▶ [WHAT TO WORK ON]:
Your answer must restate each entry below word for word, with no pictures in it.

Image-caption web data
+++++
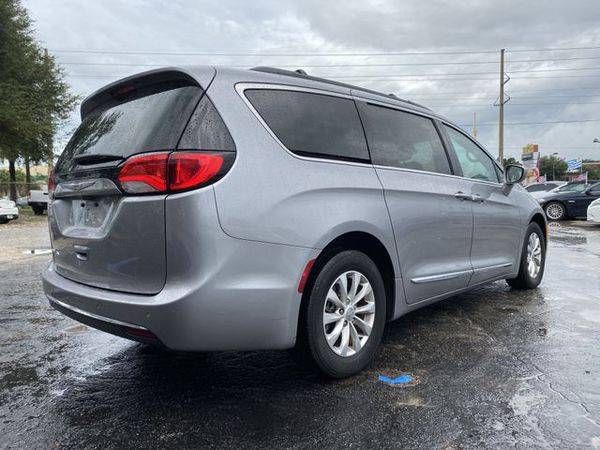 2017 Chrysler Pacifica Touring-L Minivan 4D BUY HERE PAY HERE!! for sale in Orlando, FL – photo 12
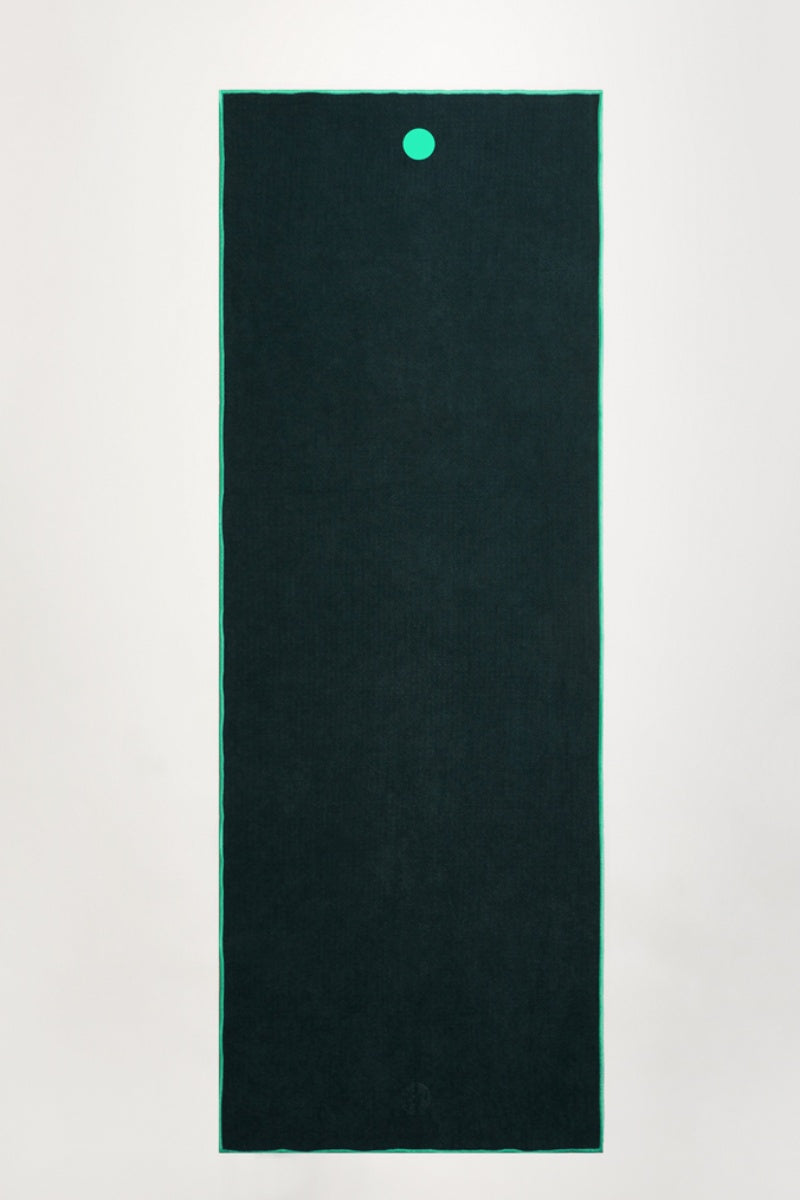 SEA YOGI // Yogitoes skidless towel in Thrive style by Manduka, spread out image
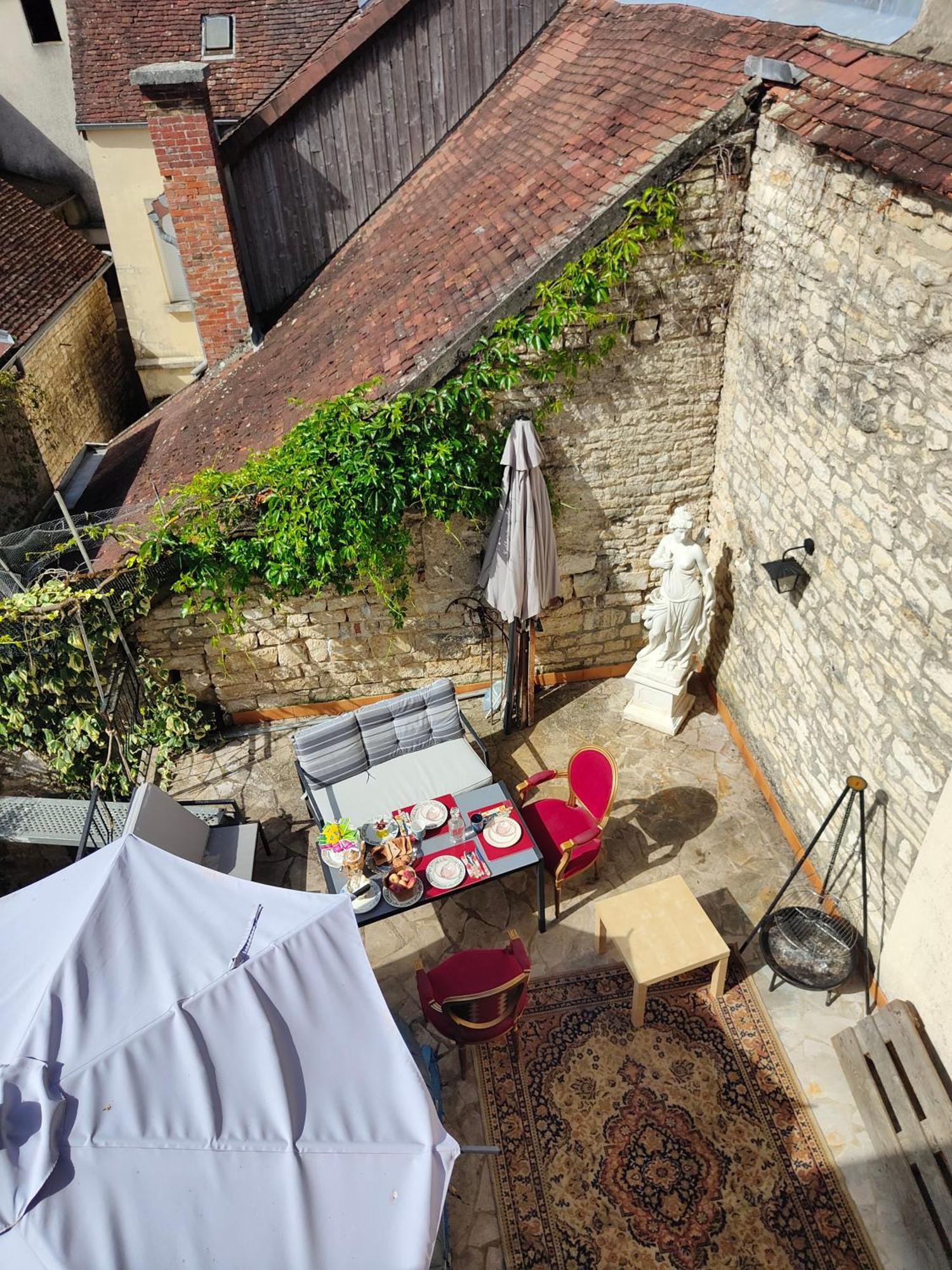 Bed and Breakfast La Taniere Des Tanneries Тоннерр Екстер'єр фото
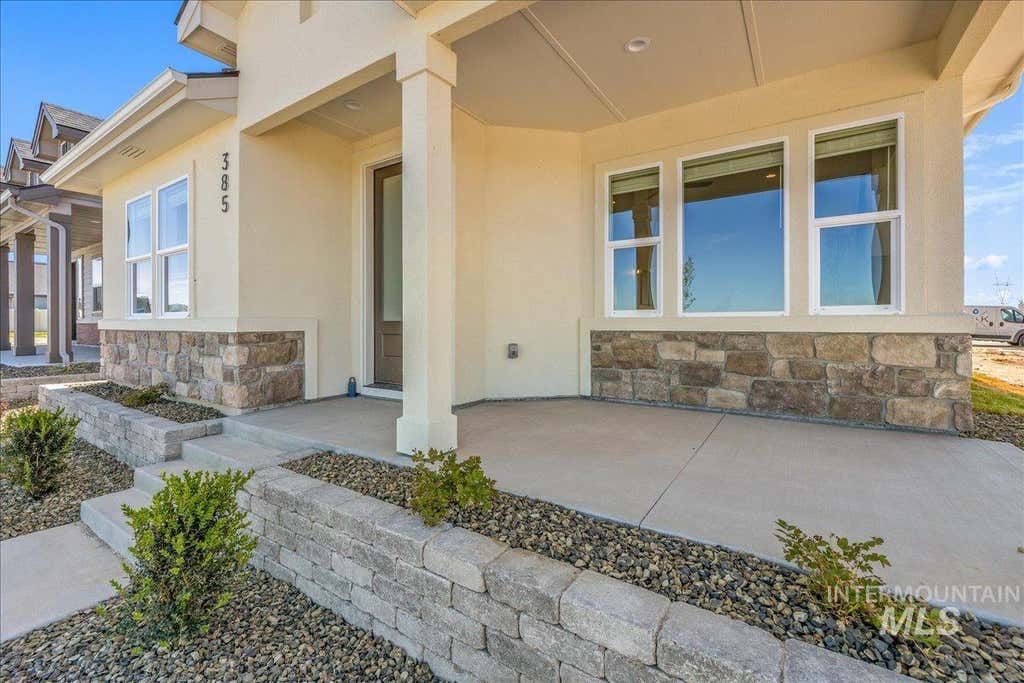Photo of 385 E Chevy Dr, Boise, ID 83716 (MLS # 98986885)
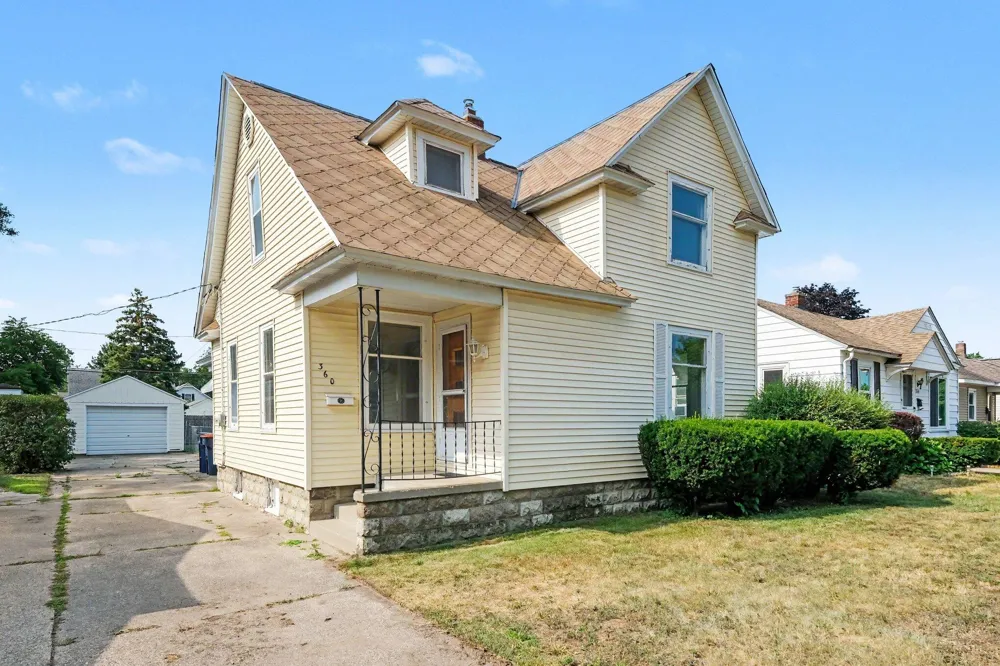 360 W 18th Street Holland, MI 49423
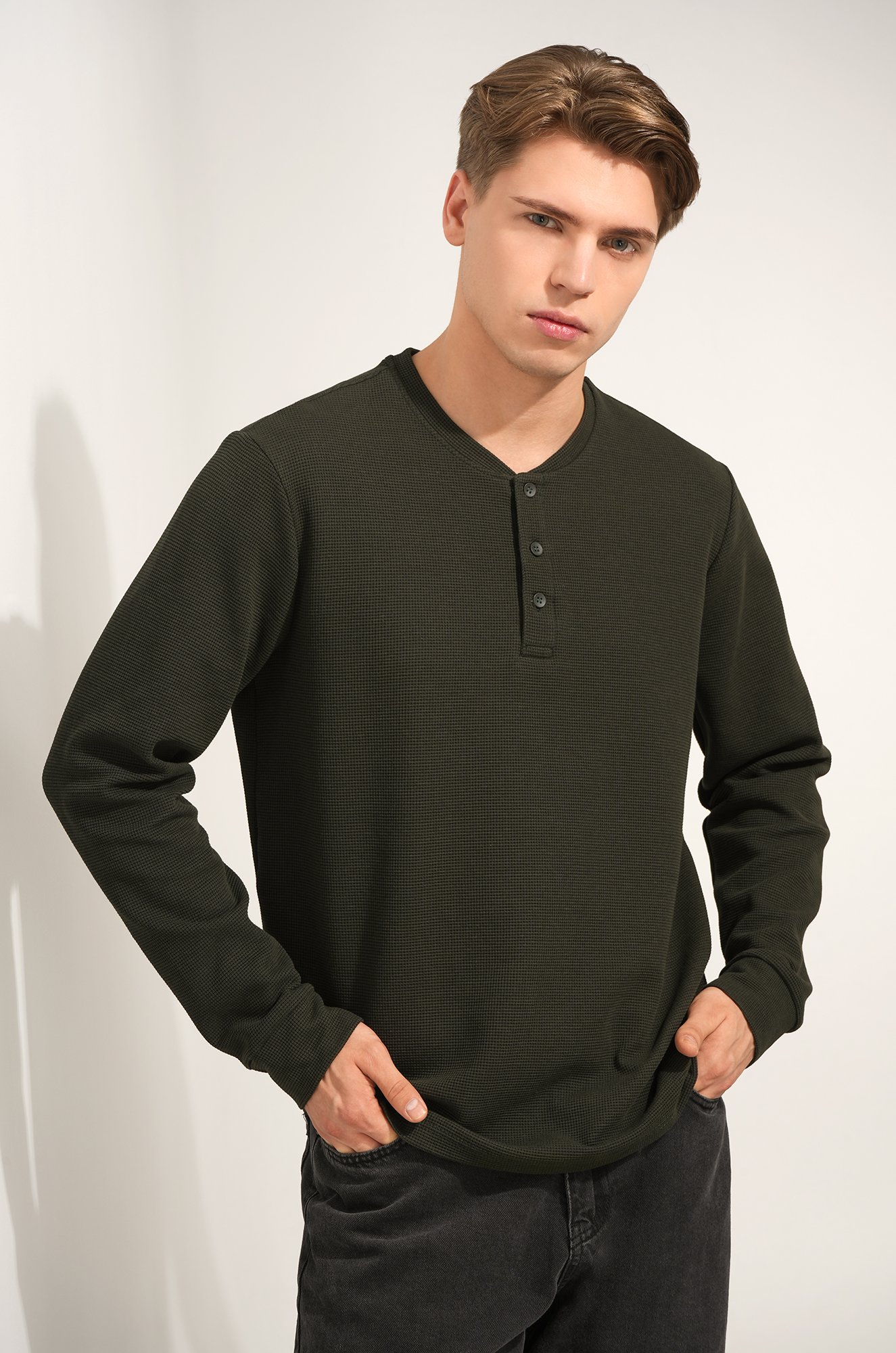 Мужской лонгслив на пуговицах Happyfox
+++++
▶ [REPLY TO THE EXERCISE]:
 2017 Chrysler Pacifica Touring-L Minivan 4D BUY HERE PAY HERE!! for sale in Orlando, FL – photo 12
 SEA YOGI // Yogitoes skidless towel in Thrive style by Manduka, spread out image
 Bed and Breakfast La Taniere Des Tanneries Тоннерр Екстер'єр фото
Photo of 385 E Chevy Dr, Boise, ID 83716 (MLS # 98986885)
 360 W 18th Street Holland, MI 49423
 Мужской лонгслив на пуговицах Happyfox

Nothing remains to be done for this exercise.